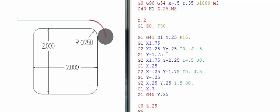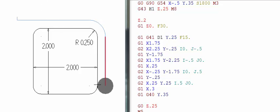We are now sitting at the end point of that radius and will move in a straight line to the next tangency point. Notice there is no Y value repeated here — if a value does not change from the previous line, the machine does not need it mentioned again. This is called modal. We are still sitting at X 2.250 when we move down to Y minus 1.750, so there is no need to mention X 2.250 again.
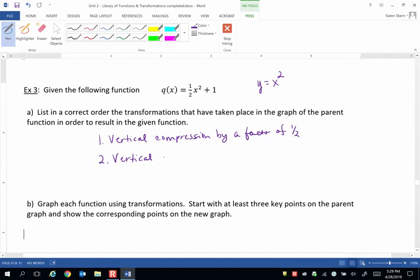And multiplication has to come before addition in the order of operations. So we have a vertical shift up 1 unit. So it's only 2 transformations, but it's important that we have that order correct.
==
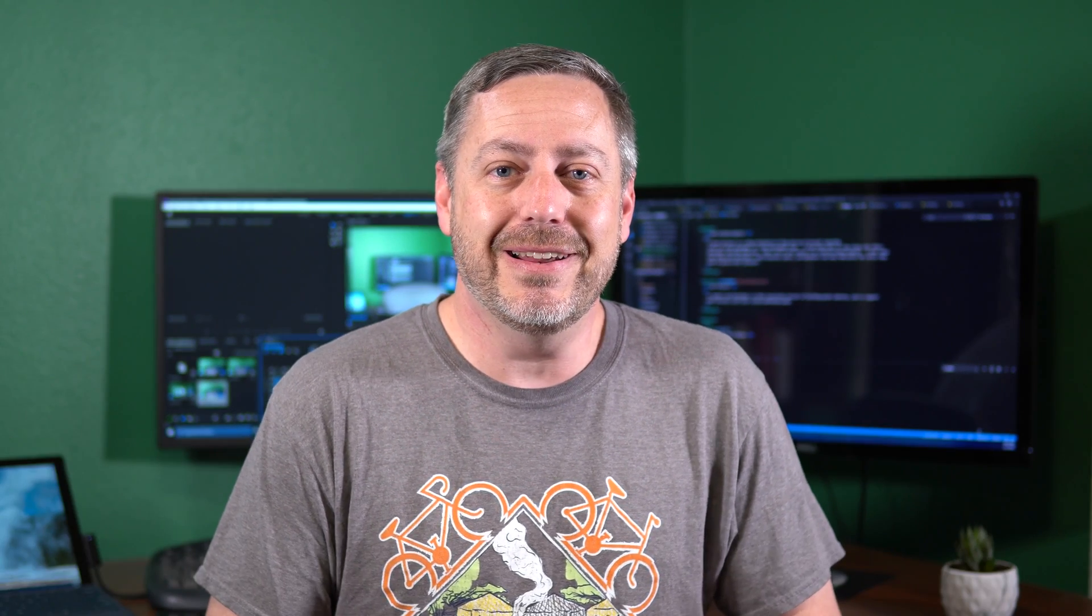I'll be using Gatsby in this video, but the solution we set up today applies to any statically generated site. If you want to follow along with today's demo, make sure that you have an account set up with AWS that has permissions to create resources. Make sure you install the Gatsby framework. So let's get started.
* * *
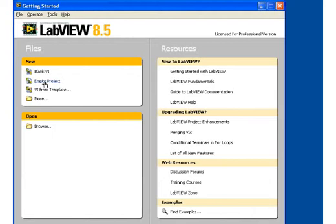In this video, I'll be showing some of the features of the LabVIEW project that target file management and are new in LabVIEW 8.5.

Directions => Would you copy, word for word, only the lines above from the one containing "We are now sitting" through the one containing "And multiplication has", both included, and please leave out the pictures?

Solution =>
We are now sitting at the end point of that radius and will move in a straight line to the next tangency point. Notice there is no Y value repeated here — if a value does not change from the previous line, the machine does not need it mentioned again. This is called modal. We are still sitting at X 2.250 when we move down to Y minus 1.750, so there is no need to mention X 2.250 again.
And multiplication has to come before addition in the order of operations. So we have a vertical shift up 1 unit. So it's only 2 transformations, but it's important that we have that order correct.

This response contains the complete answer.